I thought it was fantastic. I hadn’t watched any trailers so I literally didn’t know what to expect, and it built tension. It’s the same effect as having a movie called “Jaws” and not seeing the shark until over halfway through the movie. And without spoiling anything, the movie is definitely about his character.

I didn’t even realize they were deleted scenes until you just said this, so I guess they must have fit. The one with Bruce Willis didn’t make as much sense, but the other one worked fine.

Agreed. It was way too close up and looked out of place. I’m surprised they didn’t get an older actress, but I guess they hadn’t in the original movie so it would be weird to start now.

Yeah he was great! I guess he’s still acting (he was on Agents of S.H.I.E.L.D. last season), so that’s a plus.

You’re the second person I’ve heard say, “I appreciate the ending, but I bet fans hate it”, which doesn’t make sense to me. If you like it (or at least appreciate it), why do you think other people wouldn’t? For the record, my son and I both really liked it. I’ll save further spoiler discussion for later.

I don’t think he spent half as much time explaining comics as he did in Unbreakable. I also don’t think that audiences know much more about comics now than they did in 2000. It’s not like he’s explaining email or Facebook or something.

It was a little heavy handed, but I didn’t think it was that annoying.

Man, I HATED the comic tropes exposition. A lot. The ones in Unbreakable were great because the bits were interesting on their own even for folks casually interested in comics, such as the line about the comic villain’s eyes being off-kilter to imply a “skewed perspective on the world.” It was something a lot of comic fans may not have known, and it fit the movie’s conceit. The exposition here was awful. Glass exclaiming that everyone was gathered like a classic showdown, or Casey trivia dumping that Superman couldn’t originally fly? Blech. In the first case, it’s like, no shit Glass, we’ve all seen a dozen superhero movies since 2000 with comic showdowns. In the second case, it was just howlingly clunky and had nothing to add to the scene.

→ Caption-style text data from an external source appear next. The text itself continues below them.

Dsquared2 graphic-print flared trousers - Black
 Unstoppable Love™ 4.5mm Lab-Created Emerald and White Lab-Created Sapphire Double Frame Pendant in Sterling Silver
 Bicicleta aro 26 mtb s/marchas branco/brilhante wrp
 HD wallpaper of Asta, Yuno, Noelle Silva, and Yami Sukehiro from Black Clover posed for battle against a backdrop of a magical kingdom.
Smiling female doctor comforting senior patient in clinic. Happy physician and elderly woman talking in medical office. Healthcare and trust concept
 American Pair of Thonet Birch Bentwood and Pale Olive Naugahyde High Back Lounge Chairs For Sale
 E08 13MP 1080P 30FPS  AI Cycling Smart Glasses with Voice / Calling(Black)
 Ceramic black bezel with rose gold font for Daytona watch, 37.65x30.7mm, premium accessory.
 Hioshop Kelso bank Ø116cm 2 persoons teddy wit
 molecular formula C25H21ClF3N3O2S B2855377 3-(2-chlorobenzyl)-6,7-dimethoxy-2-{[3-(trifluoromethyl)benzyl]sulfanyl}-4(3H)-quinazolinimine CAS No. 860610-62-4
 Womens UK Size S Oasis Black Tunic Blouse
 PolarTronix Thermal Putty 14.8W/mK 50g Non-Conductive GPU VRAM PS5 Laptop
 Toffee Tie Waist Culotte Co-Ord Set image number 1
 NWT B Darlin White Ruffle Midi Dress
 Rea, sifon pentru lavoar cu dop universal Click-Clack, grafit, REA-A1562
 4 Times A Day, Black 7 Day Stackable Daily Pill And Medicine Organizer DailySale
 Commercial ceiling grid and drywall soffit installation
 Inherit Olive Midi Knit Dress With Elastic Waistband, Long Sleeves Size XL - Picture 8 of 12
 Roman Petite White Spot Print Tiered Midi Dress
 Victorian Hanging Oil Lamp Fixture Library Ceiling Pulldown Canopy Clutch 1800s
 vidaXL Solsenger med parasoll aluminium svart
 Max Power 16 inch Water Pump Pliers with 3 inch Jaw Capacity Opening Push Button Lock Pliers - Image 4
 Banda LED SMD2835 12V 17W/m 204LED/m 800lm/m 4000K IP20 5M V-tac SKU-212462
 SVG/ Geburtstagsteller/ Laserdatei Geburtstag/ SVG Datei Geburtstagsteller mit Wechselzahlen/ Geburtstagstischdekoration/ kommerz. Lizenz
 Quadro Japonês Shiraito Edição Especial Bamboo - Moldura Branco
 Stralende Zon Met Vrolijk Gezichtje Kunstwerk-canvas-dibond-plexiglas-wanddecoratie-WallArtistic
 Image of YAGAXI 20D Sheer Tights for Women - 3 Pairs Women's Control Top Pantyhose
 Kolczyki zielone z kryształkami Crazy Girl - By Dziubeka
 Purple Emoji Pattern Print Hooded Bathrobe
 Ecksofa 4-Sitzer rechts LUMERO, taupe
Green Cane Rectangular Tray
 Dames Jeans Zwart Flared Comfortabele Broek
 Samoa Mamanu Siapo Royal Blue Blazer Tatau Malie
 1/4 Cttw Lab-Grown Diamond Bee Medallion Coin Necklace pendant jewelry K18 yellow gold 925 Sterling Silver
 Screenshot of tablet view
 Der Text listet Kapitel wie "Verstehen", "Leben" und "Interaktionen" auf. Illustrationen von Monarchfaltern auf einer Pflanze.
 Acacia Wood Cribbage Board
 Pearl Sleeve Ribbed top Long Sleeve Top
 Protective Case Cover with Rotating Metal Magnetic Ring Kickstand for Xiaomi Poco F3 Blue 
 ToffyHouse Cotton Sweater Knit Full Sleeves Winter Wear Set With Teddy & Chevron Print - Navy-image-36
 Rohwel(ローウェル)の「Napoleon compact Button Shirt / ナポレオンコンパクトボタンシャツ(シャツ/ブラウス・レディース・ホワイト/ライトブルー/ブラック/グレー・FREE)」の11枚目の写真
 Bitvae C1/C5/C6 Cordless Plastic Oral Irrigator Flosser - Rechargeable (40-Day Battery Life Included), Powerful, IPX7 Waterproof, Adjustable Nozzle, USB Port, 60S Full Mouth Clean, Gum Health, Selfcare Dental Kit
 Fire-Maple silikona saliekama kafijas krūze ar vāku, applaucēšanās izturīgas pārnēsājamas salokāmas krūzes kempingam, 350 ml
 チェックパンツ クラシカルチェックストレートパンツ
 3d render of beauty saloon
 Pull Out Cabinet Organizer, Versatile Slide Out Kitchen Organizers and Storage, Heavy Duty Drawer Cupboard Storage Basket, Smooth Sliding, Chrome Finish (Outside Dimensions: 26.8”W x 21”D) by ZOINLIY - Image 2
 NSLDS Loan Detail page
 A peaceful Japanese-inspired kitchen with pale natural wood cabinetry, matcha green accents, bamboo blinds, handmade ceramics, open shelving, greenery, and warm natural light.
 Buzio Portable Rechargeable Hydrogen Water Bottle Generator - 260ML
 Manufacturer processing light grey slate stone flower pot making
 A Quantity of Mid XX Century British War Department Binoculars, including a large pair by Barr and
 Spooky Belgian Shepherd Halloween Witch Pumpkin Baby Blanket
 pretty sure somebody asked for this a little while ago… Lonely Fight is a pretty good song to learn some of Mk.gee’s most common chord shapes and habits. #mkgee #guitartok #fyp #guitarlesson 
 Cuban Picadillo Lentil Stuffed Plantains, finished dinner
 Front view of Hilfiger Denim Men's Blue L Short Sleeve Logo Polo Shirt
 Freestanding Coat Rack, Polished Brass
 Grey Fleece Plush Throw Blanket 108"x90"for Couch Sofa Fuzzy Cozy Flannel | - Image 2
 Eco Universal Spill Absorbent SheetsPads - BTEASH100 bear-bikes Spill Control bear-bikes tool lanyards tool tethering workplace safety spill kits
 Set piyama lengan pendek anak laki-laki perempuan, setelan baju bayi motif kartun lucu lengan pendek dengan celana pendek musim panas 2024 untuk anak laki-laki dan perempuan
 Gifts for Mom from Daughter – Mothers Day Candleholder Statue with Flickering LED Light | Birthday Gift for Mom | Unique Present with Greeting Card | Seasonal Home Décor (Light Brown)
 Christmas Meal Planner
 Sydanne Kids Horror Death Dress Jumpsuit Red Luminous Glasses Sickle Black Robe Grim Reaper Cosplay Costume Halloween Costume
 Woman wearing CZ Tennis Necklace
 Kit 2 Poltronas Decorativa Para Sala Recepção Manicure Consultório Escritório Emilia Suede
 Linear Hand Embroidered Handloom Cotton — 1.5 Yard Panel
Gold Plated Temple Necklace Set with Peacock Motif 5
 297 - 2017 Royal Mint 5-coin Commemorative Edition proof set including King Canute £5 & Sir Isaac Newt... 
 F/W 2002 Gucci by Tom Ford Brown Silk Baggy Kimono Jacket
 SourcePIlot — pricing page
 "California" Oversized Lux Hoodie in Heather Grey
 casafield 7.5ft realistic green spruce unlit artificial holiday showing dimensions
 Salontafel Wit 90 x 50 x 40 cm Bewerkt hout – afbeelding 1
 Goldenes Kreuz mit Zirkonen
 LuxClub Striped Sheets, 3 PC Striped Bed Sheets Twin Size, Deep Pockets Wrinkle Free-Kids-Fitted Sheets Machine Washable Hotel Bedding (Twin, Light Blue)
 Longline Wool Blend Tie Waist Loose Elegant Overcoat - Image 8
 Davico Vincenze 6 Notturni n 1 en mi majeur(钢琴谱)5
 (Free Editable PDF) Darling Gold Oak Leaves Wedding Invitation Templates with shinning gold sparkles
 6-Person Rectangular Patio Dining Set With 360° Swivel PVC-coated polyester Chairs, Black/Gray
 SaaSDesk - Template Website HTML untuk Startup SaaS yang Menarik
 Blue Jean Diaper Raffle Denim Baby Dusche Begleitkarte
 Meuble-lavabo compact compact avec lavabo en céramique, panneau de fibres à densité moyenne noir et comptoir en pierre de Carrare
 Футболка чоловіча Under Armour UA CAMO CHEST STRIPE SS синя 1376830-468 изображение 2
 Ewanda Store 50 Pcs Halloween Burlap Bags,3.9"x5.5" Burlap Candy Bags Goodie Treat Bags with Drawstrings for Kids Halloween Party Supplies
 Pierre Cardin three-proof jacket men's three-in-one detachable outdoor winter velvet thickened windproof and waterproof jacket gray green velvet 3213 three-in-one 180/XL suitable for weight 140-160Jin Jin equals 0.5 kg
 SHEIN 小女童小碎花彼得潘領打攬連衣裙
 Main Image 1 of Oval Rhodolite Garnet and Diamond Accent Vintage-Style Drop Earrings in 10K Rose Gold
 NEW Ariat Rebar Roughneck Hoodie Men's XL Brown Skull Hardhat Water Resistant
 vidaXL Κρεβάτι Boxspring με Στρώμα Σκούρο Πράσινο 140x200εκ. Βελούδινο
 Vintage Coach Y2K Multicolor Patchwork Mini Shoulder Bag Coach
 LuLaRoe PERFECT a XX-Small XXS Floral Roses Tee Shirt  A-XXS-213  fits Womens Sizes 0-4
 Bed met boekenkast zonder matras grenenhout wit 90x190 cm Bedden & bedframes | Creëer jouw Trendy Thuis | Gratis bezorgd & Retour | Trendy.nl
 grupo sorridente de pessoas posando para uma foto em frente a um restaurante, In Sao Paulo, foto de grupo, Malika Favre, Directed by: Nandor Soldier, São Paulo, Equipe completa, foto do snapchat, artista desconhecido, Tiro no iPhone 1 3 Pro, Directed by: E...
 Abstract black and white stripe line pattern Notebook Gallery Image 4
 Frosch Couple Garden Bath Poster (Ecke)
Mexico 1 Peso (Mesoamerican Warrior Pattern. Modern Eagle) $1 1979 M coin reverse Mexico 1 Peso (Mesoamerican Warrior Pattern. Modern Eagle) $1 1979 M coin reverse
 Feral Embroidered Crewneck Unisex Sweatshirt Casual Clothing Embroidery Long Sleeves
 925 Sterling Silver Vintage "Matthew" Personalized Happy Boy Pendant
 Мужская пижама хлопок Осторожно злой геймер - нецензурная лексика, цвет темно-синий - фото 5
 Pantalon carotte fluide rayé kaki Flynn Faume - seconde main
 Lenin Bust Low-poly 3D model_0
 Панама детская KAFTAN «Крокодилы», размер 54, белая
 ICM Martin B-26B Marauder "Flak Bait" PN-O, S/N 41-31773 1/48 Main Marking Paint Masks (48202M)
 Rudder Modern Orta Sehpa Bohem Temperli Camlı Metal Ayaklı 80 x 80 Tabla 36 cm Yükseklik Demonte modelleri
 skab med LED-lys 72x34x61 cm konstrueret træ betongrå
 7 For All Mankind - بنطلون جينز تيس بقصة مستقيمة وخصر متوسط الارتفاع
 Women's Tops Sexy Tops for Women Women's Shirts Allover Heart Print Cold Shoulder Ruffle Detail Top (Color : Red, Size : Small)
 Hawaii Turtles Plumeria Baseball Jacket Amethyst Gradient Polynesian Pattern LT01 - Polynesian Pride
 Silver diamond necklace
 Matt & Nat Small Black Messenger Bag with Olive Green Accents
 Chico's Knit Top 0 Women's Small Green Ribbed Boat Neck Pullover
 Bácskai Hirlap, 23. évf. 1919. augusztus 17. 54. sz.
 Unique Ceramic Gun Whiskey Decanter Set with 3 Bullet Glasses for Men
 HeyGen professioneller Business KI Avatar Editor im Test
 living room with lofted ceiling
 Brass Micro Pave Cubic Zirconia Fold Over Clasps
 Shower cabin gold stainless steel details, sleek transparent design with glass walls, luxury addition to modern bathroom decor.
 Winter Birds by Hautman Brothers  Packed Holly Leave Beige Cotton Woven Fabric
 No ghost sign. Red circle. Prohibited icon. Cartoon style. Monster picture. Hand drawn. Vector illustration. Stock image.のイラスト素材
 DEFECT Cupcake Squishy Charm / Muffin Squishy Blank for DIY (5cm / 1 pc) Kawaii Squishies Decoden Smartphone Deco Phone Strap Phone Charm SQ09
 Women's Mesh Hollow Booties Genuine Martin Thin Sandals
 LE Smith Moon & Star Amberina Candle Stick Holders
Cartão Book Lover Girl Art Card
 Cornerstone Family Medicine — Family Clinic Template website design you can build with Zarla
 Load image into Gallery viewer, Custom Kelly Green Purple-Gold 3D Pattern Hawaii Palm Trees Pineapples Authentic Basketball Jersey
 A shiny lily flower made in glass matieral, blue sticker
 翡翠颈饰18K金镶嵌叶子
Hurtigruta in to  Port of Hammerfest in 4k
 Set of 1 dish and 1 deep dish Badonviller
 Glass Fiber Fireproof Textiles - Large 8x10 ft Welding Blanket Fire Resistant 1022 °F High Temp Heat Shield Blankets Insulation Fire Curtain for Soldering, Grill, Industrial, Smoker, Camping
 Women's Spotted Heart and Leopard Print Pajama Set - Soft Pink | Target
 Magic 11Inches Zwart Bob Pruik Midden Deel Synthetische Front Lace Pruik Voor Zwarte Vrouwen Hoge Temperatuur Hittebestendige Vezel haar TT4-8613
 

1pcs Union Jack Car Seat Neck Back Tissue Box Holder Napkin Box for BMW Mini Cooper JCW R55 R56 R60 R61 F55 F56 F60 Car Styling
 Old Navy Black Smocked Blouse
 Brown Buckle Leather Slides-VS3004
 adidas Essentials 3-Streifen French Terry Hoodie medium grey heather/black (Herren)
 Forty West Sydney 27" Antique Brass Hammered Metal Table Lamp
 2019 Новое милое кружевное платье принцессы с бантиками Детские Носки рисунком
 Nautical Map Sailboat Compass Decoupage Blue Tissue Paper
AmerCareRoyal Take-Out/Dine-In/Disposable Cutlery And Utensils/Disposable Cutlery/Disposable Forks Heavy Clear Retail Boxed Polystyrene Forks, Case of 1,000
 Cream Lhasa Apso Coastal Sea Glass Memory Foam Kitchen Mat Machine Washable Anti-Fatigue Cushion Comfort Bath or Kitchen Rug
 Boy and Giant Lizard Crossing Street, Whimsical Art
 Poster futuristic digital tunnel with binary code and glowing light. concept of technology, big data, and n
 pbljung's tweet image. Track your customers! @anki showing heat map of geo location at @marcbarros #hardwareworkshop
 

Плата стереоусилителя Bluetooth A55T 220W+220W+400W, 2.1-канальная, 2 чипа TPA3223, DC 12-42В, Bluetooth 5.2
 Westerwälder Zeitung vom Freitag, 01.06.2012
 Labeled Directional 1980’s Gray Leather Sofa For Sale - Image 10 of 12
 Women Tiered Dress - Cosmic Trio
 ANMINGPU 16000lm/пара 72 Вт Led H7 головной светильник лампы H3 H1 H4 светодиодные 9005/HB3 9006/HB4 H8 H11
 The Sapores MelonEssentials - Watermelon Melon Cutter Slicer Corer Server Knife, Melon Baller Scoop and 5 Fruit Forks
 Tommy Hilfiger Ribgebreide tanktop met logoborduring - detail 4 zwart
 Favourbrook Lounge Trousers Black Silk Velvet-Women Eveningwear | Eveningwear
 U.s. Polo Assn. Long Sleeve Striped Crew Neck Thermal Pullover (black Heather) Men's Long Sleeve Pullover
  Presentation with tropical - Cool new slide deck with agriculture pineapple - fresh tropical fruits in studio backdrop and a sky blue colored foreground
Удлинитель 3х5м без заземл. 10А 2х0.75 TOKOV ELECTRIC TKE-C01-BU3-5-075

As for me thinking fans may not like it, the audience reviews seem to bear that out so far.

Yes, the comic exposition was a little clunky, but I’ve never heard it referred to as “the showdown” before. In fact, I’m not even sure if that’s even an actual named thematic trope, or something that Shyamalan just made up for the film. So it’s definitely not a plot element that I would know by name.

Rotten Tomatoes has the movie as 36%, with the audience score at 79%. So maybe there are a lot of reviewers saying “I bet fans won’t like it”, but fan scores don’t seem to bear that out. I’m just confused by reviewers that try to put themselves in other people’s shoes, instead of just saying how they felt about it.

Fair enough. I liked the way it screwed with expectations, but I love The Mist, so YMMV.

I’m sure “showdown” was used in the generic sense that it’s a comic “big fight” as opposed to some industry/fan technical term.

See, that’s exactly how I saw it: that he was talking about “The Showdown” in the same way you would talk about “The Call to Adventure” or “Crossing the Threshold” in movie terminology.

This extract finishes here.